Yeah, this is not one of those entries. I am posting to squee for squee's sake.
We all know that I enjoy a good fandom conversion (or ten) every once in awhile, especially where my smaller or lit fandoms are concerned. On the latter front, the most recent conversion attempt was spreading love for Suzanne Brockmann's Troubleshooters series through the whole of Yulechat. hhertzof caved, to my overwhelming delight, and to my surprise, mjules was already passingly familiar with the series, having been gifted the All Through The Night novella. But my squee piqued interest in the Jules/Robin backstory, which was perfectly fine by me, as they're one of the few pairings I have left, and one of the very, very few I consider OTPs. Several used books, marathon reading sessions, one cosmic name in common, and lots of flailing later, I had a new partner in Troubleshooters land.
And then Jules wrote me fic.
Oh yes. Glorious, glorious fic that encompasses every bit of our personal canon for these amazing characters, and made me flail in feedback as I have never flailed before (and even used another conversion connection!

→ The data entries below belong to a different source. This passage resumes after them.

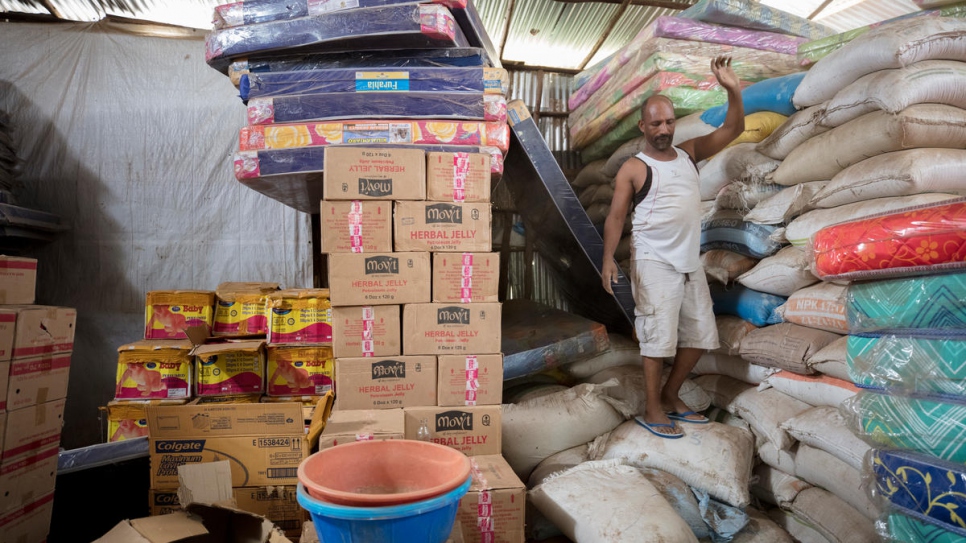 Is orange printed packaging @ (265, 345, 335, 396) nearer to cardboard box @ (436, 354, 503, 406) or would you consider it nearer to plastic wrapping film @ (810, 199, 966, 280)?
cardboard box @ (436, 354, 503, 406)

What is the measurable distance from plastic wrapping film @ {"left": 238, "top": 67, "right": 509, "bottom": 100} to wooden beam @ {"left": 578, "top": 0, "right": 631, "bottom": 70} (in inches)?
76.9

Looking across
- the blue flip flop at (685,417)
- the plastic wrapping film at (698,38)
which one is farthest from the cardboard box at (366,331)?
the plastic wrapping film at (698,38)

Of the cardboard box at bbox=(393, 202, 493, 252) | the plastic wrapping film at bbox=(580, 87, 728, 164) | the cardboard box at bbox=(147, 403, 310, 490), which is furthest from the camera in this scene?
the plastic wrapping film at bbox=(580, 87, 728, 164)

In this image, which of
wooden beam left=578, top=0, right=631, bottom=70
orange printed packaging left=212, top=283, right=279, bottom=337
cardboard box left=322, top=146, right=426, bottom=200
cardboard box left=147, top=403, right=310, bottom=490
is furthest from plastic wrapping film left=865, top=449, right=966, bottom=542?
wooden beam left=578, top=0, right=631, bottom=70

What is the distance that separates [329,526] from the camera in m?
1.21

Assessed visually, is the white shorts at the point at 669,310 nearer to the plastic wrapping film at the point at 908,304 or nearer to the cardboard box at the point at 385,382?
the plastic wrapping film at the point at 908,304

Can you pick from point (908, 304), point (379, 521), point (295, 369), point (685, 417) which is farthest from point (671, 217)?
point (295, 369)

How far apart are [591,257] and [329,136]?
5.32ft

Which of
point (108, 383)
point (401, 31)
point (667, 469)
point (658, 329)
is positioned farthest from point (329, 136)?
point (108, 383)

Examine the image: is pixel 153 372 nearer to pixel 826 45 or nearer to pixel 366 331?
pixel 366 331

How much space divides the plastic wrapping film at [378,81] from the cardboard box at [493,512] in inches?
69.7

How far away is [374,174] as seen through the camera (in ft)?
6.59

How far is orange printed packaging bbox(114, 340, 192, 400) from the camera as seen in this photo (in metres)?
2.85

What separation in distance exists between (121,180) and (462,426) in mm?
3221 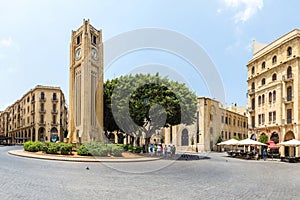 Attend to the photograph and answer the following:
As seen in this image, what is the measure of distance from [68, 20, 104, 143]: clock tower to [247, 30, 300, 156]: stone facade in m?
24.8

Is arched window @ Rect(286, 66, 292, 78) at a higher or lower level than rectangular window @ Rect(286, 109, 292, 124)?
higher

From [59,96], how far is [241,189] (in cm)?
6740

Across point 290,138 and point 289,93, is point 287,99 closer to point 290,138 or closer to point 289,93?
point 289,93

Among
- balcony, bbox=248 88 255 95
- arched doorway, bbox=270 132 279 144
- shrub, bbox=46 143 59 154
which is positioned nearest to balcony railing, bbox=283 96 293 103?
arched doorway, bbox=270 132 279 144

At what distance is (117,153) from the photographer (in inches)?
1003

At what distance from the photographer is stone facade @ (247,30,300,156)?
36.2 m

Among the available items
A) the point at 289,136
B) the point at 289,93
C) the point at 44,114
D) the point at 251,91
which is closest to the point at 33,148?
the point at 289,136

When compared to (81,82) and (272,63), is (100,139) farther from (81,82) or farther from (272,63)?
(272,63)

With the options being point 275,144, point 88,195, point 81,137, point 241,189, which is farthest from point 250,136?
point 88,195

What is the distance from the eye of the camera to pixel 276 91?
39.2 m

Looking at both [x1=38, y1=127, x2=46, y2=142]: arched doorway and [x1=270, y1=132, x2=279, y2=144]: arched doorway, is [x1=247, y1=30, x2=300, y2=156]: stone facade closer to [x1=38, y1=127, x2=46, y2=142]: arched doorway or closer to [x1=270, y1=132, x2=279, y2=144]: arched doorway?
[x1=270, y1=132, x2=279, y2=144]: arched doorway

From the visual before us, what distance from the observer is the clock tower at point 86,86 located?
33000 millimetres

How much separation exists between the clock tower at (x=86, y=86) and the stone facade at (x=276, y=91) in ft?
81.4

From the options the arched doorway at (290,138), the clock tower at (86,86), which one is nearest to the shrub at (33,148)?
the clock tower at (86,86)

Jules is just that good).
I know there are at least a few other Brockmann fans on my flist, so come sigh and squee with me over And Every Breath We Drew. It's poignant and perfect and desperately needed to be told, and all I can say is... hallelujah.
P.S. As if I could just leave without furthering my nefarious plan. (I kind of want a little trademark symbol after that.)
The Troubleshooters books are little slices of heaven, trufax. Even though they tend to be marketed as mainstream romance, they're more military suspense with arcs that are heavy on the romance. They're dark and plotty and completely without formula, which is about the furthest thing from mainstream romance that I can imagine.
Brockmann's cast is a wonder - her characters are three-dimensional and flawed and awesome, and their stories unfold over multiple books. There's no arbitrary conflict for conflict's sake, difficult problems and issues aren't glossed over or ignored because it may reflect badly on the character, and the world is incredibly diverse, but oh-so-believably. They're also, as mjules puts it, full of genderwin, racewin, and queerwin. Not just non-fail, but win. There is win all over the place. The win runs rampant.
If you're not familiar with the series, there's no time like the present.
(Note: Like I said, it gets dark in there. Several books are triggery - Over the Edge, Flashpoint, and Into the Storm in particular - for a variety of subjects. Just wanted to warn.)